Nous avons un gentil roi et une reine ; le père du roi a donné au Bouthan la démocratie et une constitution. Aussi avons-nous la liberté de conscience, mais officiellement le pays est bouddhiste. Le Bouthan aimerait conserver ses traditions et sa culture. L’éducation fondamentale et la santé sont gratuites pour tous.
- En tant que Bouthanais, je suis fier de mon pays et de mon peuple, qui n’a jamais été soumis à quelque pouvoir colonial. Comme Bouthanais, j’aimerais travailler à une compréhension en sorte qu’un bon chrétien puisse aussi être un Bouthanais loyal. Un bon Bouthanais ne doit pas nécessairement être bouddhiste. En tant que citoyen, je me fais du souci pour mon pays qui a également été touché par la globalisation et un consumérisme galopant ; les jeunes sont désorientés et peu à peu le matérialisme est la nouvelle idole. J’aimerais que mon pays vive en équilibre entre un traditionalisme étroit et sa culture et le développement moderne naïf ne nous convient pas.
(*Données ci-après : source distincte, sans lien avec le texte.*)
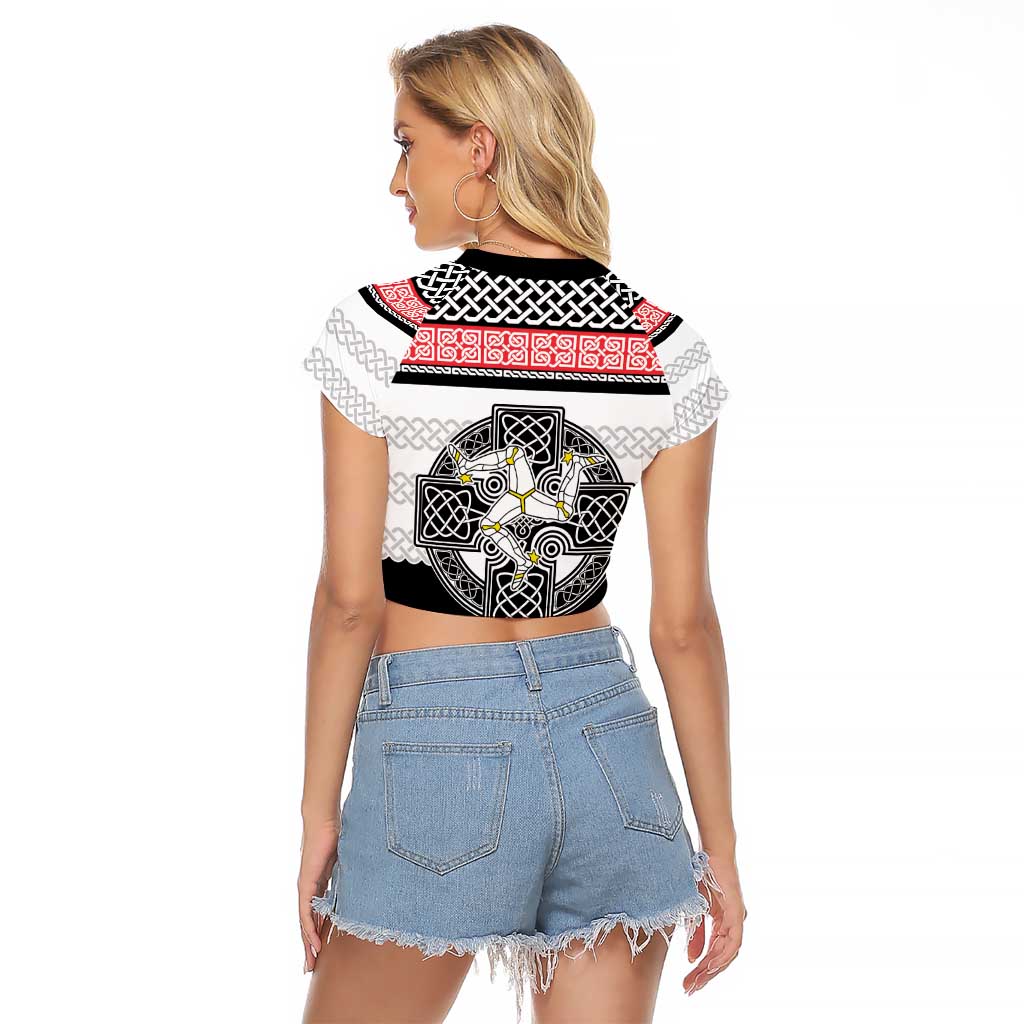 Isle of Man Celtic Knot Raglan Cropped T Shirt Celtic Nation Heritage Pride - Wonder Print Shop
- En tant que jésuite, je vis le contact direct avec le dialogue entre les bouddhistes et les chrétiens. Je puis être un meilleur pratiquant du bouddhisme à cause du christianisme et je puis être un meilleur chrétien à cause de mes origines bouddhistes. Je n’ai pas besoin d’être exclusif, je me réjouis du cheminement, selon une parole du pape François. De nombreux parallèles peuvent être faits entre le bouddhisme et la spiritualité ignacienne.
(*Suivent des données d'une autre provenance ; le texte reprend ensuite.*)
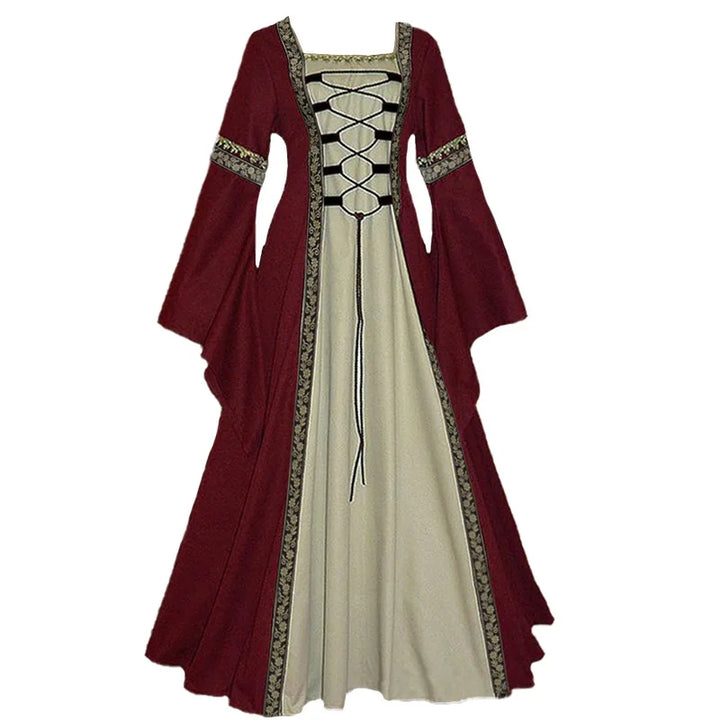 Lace-up Steampunk Medieval Dress Red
- En tant que prêtre catholique, je puis me fier à l’expérience de l’Eglise Universelle depuis deux mille ans. Je me suis mis à aimer l’Eglise comme une mère. Comme j’aime ma mère, je l’aime pour ce qu’elle signifie pour moi et, en tant qu’adulte, je me rends bien compte qu’elle n’est pas parfaite. Avec le pape François, je comprends qu’être un prêtre catholique, c’est être au service de la joie de l’évangile, l’avoir l’odeur des brebis, d’aller là où d’autres ne veulent pas aller afin d’aimer et de servir. Et aussi pour garder la mémoire du Dieu d’amour et de vie exprimé en Jésus et donné dans l’eucharistie.
Aujourd’hui je vis mieux avec ces trois identités en moi. C’est le triptyque d’être un Bouthanais avec une origine bouddhiste, un prêtre catholique qui n’a pas été élevé formellement en catholique, et un jésuite. Je considère tout cela comme un don de Dieu, d’être tel que je suis. Je sens aujourd’hui que, sur mes vêtements bouddhistes bouthanais, j’ai revêtu la livrée du Christ : je n’ai pas eu besoin de rejeter les premiers. Spécifiquement, je suis un prêtre catholique appelé à administrer les sacrements et appelé aussi au service de la Vérité qui va rendre libres tous les peuples. Je suis jésuite, avec le défi, malgré mes limites, d’être un homme aux marges, un serviteur de la joie de l’Evangile, et qui sait être audacieux.